====== THE DATA ======
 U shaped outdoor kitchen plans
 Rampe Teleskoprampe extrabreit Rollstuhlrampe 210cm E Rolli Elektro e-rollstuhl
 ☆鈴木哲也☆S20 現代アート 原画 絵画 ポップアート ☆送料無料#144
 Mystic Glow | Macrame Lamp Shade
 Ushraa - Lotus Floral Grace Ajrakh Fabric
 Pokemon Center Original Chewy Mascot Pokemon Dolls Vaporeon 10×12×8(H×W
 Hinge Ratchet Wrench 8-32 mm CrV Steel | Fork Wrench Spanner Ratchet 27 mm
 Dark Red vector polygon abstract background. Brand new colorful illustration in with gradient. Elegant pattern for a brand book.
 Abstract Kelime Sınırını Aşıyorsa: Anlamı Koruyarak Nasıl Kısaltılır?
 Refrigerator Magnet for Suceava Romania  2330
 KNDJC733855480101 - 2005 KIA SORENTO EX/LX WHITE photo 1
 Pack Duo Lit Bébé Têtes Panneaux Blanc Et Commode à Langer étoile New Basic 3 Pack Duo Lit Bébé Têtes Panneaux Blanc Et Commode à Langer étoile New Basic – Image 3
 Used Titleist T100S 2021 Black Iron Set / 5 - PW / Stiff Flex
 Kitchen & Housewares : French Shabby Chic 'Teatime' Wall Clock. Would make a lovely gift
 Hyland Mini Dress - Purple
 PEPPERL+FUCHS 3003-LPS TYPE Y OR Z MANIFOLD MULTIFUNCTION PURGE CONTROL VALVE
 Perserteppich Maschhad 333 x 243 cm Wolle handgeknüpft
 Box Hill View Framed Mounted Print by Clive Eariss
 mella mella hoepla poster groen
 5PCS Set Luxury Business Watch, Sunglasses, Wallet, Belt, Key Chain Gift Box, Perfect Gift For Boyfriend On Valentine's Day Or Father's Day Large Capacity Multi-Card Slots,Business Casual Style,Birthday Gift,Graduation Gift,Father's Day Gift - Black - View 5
======
> **PROMPT**
Please transcribe exactly the line containing "Perserteppich Maschhad 333" and every line after it through the end of the records, and nothing else.

> **WRITTEN ANSWER**
 Perserteppich Maschhad 333 x 243 cm Wolle handgeknüpft
 Box Hill View Framed Mounted Print by Clive Eariss
 mella mella hoepla poster groen
 5PCS Set Luxury Business Watch, Sunglasses, Wallet, Belt, Key Chain Gift Box, Perfect Gift For Boyfriend On Valentine's Day Or Father's Day Large Capacity Multi-Card Slots,Business Casual Style,Birthday Gift,Graduation Gift,Father's Day Gift - Black - View 5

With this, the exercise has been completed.